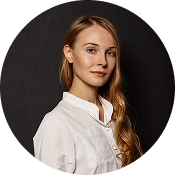 Professioneel portret van een jonge vrouw met lang blond haar, gekleed in een witte blouse, tegen een donkere studioachtergrond.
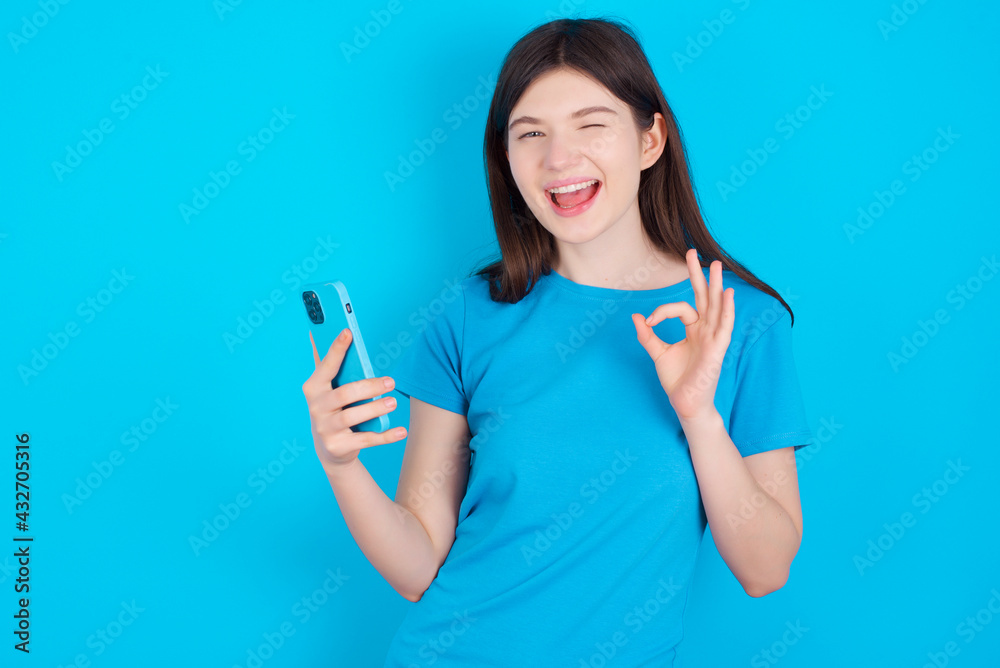 Happy young beautiful Caucasian woman wearing blue T-shirt over blue wall sending a message on his smartphone or taking a selfie  and making ok sign with his hand.
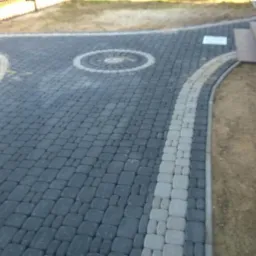 Ułożona nawierzchnia z kostki brukowej w odcieniach szarości z dekoracyjnym okręgiem i jasnoszarym obramowaniem, widoczny fragment wózka budowlanego oraz schody wejściowe do budynku.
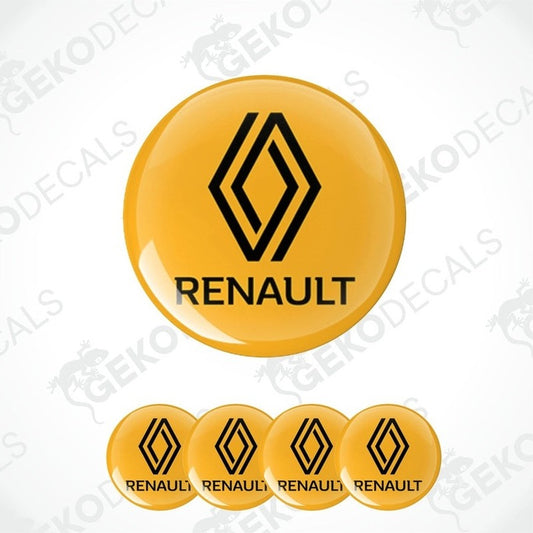 A set of four yellow vinyl decals with the RENAULT logo applied on a surface.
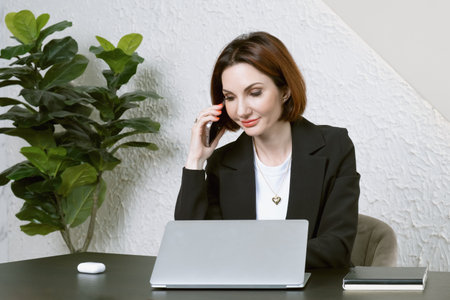 Portrait of businesswoman in the black jacket at desk in your office. Business portrait. Business woman is sitting in front of laptop screen and talking on cell phoneの写真素材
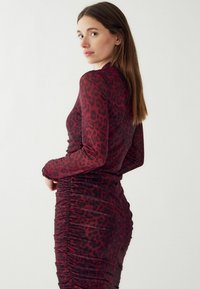 Czarna sukienka w cętki, w kolorze czerwonym i czarnym, z długim rękawem, z marszczeniami po bokach, które dodają tekstury i podkreślają sylwetkę.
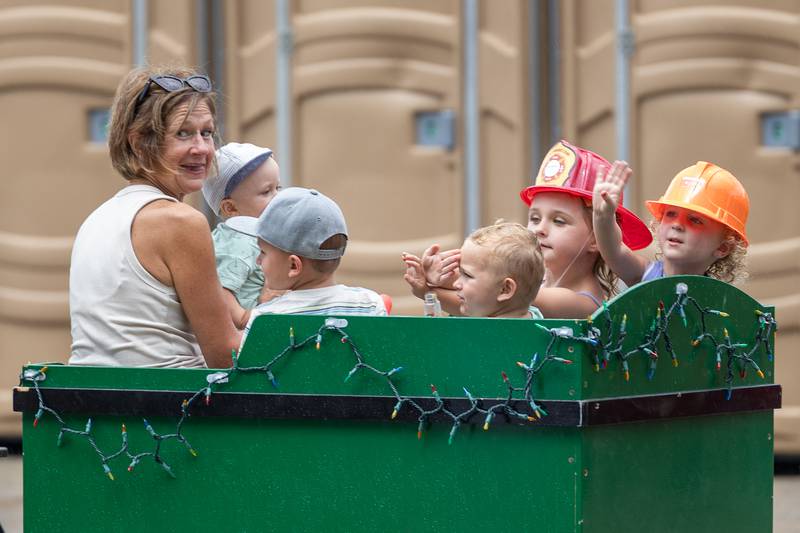 Kids ride on a train cart at the Touch a Truck event on Sunday, July 27, 2025, at Riverfront Park in Ottawa.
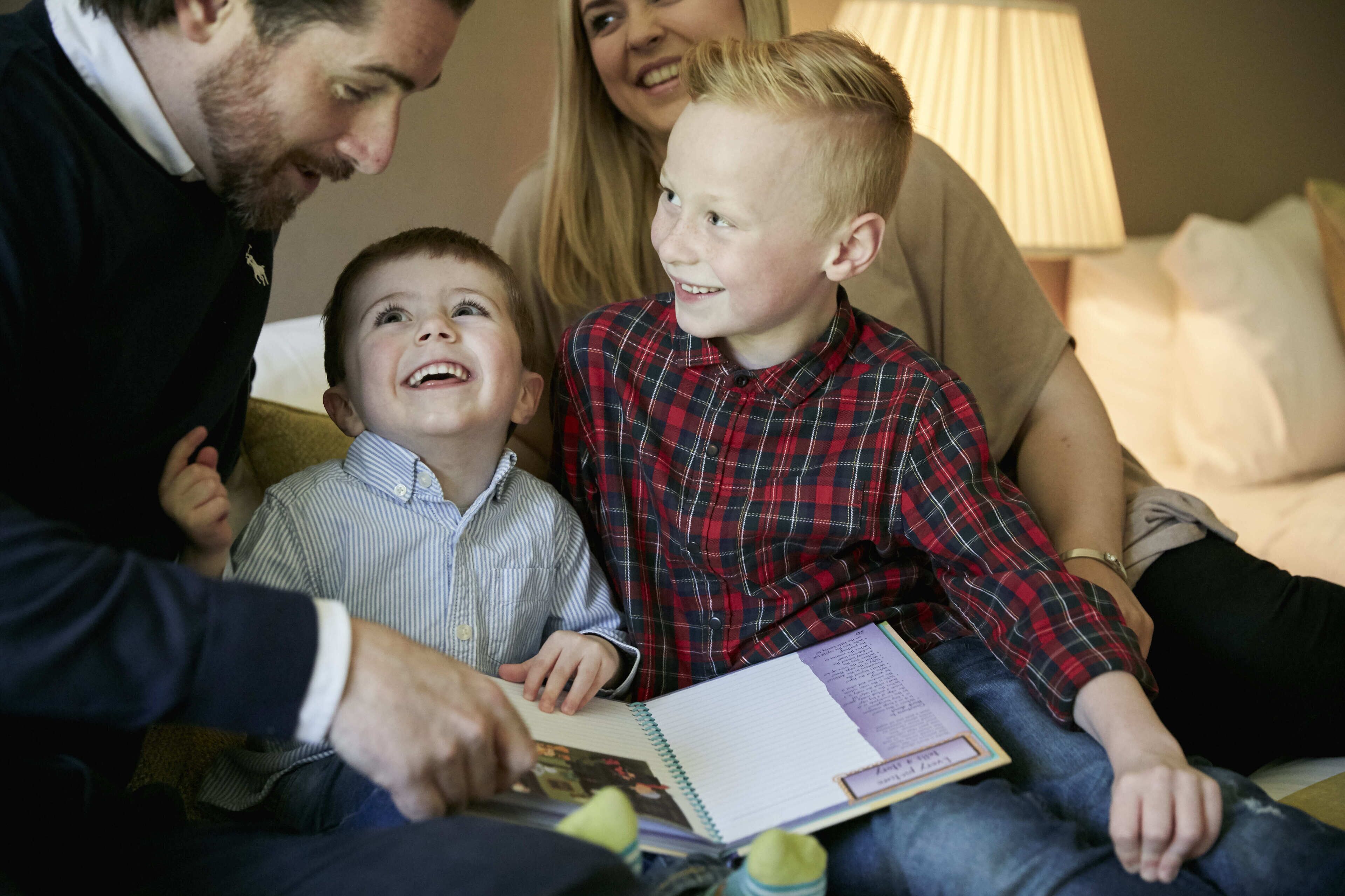 A family sitting on a couch with a book, a lamp, and a pillow in the background.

____________________

Exercise:
Having located the line with "Portrait of businesswoman", transcribe exactly and only the lines from it to the final line of the material, skipping the pictures.

Reply:
 Portrait of businesswoman in the black jacket at desk in your office. Business portrait. Business woman is sitting in front of laptop screen and talking on cell phoneの写真素材
 Czarna sukienka w cętki, w kolorze czerwonym i czarnym, z długim rękawem, z marszczeniami po bokach, które dodają tekstury i podkreślają sylwetkę.
 Kids ride on a train cart at the Touch a Truck event on Sunday, July 27, 2025, at Riverfront Park in Ottawa.
 A family sitting on a couch with a book, a lamp, and a pillow in the background.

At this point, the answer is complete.